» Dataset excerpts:
+ + +

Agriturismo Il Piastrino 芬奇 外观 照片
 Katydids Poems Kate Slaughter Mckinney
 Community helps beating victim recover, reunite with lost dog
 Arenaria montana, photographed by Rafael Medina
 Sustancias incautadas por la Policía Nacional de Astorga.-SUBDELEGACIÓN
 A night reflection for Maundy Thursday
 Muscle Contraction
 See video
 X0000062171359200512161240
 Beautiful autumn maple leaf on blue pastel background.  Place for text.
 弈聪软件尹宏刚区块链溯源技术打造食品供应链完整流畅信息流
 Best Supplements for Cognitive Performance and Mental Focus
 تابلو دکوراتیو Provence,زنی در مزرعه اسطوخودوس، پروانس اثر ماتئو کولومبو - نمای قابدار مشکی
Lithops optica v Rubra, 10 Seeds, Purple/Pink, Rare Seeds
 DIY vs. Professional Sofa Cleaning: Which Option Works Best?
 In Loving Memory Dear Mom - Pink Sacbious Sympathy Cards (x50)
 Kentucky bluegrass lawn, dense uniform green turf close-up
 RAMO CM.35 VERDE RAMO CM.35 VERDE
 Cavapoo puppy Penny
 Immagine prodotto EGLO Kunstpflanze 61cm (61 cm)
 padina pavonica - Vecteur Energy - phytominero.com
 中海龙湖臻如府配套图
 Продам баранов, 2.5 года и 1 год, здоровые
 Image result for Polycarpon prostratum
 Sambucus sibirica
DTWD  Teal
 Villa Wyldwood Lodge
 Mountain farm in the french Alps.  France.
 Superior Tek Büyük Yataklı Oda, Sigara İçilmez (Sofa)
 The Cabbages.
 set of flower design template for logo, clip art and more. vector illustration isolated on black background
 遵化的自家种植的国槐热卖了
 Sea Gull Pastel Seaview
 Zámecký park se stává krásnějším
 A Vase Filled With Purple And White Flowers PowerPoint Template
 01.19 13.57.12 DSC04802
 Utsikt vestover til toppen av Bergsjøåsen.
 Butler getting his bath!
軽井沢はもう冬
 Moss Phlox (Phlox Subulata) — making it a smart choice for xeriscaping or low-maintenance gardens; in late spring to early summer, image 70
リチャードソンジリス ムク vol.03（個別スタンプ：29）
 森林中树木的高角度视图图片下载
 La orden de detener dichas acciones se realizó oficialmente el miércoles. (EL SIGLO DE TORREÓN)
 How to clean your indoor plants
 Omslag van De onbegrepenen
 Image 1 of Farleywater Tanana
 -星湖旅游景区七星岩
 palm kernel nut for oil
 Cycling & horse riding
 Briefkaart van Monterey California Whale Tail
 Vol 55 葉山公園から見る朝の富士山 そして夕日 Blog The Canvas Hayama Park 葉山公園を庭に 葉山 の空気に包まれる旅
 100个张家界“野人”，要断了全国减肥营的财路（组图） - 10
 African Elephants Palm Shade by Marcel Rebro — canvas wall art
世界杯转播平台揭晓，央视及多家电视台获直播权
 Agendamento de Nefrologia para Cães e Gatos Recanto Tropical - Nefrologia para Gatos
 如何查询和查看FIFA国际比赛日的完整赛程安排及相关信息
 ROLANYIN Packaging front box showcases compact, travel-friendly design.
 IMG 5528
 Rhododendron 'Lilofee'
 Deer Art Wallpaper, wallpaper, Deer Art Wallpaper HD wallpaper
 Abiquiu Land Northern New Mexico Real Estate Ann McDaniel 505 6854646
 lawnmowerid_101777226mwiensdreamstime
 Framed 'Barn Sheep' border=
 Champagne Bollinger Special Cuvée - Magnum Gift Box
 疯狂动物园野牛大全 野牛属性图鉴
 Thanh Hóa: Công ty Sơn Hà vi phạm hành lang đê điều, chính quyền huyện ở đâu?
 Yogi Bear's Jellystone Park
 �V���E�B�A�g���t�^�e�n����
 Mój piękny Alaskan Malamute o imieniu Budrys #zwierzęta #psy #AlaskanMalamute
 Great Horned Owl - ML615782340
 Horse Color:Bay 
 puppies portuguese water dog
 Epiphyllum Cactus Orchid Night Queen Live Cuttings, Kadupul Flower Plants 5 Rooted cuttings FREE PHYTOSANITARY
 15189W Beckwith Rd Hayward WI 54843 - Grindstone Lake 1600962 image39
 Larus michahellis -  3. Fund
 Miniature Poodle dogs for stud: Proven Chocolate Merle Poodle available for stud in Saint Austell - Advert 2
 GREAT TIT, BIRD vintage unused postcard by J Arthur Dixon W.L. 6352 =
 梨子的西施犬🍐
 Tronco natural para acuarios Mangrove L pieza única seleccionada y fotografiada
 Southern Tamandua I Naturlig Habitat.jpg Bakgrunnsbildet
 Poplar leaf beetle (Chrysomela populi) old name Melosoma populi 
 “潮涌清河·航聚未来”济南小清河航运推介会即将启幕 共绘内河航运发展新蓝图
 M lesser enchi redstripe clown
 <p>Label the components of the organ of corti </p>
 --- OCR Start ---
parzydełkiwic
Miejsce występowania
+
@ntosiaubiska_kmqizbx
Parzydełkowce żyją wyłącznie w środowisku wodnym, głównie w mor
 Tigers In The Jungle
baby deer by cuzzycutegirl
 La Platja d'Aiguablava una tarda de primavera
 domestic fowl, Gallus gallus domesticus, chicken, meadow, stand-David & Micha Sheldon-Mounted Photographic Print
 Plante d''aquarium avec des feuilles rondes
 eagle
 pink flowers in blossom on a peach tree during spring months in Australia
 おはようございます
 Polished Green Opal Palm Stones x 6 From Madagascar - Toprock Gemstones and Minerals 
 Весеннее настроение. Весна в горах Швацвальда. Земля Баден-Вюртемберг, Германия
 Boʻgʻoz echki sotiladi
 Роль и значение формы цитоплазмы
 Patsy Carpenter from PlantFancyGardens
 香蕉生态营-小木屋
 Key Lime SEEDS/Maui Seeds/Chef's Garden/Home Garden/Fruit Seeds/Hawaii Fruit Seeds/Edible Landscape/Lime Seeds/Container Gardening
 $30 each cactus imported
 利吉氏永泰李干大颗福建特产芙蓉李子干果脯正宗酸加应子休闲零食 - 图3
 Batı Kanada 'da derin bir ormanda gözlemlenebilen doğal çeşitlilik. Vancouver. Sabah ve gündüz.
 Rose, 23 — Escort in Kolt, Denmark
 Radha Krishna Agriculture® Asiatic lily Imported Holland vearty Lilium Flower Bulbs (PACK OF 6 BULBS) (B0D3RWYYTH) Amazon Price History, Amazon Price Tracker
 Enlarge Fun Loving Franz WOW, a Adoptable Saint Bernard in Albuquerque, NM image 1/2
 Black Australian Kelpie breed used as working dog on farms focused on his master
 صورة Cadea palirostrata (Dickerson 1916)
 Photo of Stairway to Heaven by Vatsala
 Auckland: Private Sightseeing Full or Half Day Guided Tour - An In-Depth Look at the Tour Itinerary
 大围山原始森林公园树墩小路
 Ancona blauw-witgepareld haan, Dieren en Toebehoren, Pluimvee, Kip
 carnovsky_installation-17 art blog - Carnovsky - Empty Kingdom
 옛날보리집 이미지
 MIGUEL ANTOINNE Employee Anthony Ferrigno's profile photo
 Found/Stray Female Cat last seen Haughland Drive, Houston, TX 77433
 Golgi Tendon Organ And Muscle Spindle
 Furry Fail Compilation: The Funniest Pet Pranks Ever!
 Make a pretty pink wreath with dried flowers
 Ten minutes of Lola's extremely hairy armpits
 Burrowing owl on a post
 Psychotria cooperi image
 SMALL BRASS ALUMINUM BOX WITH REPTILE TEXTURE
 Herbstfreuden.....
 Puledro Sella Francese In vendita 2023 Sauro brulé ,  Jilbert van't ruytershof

+ + +

» TASK ITEM:
Working from the data above, extract solely the lines from the one containing "Patsy Carpenter from PlantFancyGardens" through the one containing "MIGUEL ANTOINNE Employee", exactly as they appear, both included.

» TASK SOLUTION:
 Patsy Carpenter from PlantFancyGardens
 香蕉生态营-小木屋
 Key Lime SEEDS/Maui Seeds/Chef's Garden/Home Garden/Fruit Seeds/Hawaii Fruit Seeds/Edible Landscape/Lime Seeds/Container Gardening
 $30 each cactus imported
 利吉氏永泰李干大颗福建特产芙蓉李子干果脯正宗酸加应子休闲零食 - 图3
 Batı Kanada 'da derin bir ormanda gözlemlenebilen doğal çeşitlilik. Vancouver. Sabah ve gündüz.
 Rose, 23 — Escort in Kolt, Denmark
 Radha Krishna Agriculture® Asiatic lily Imported Holland vearty Lilium Flower Bulbs (PACK OF 6 BULBS) (B0D3RWYYTH) Amazon Price History, Amazon Price Tracker
 Enlarge Fun Loving Franz WOW, a Adoptable Saint Bernard in Albuquerque, NM image 1/2
 Black Australian Kelpie breed used as working dog on farms focused on his master
 صورة Cadea palirostrata (Dickerson 1916)
 Photo of Stairway to Heaven by Vatsala
 Auckland: Private Sightseeing Full or Half Day Guided Tour - An In-Depth Look at the Tour Itinerary
 大围山原始森林公园树墩小路
 Ancona blauw-witgepareld haan, Dieren en Toebehoren, Pluimvee, Kip
 carnovsky_installation-17 art blog - Carnovsky - Empty Kingdom
 옛날보리집 이미지
 MIGUEL ANTOINNE Employee Anthony Ferrigno's profile photo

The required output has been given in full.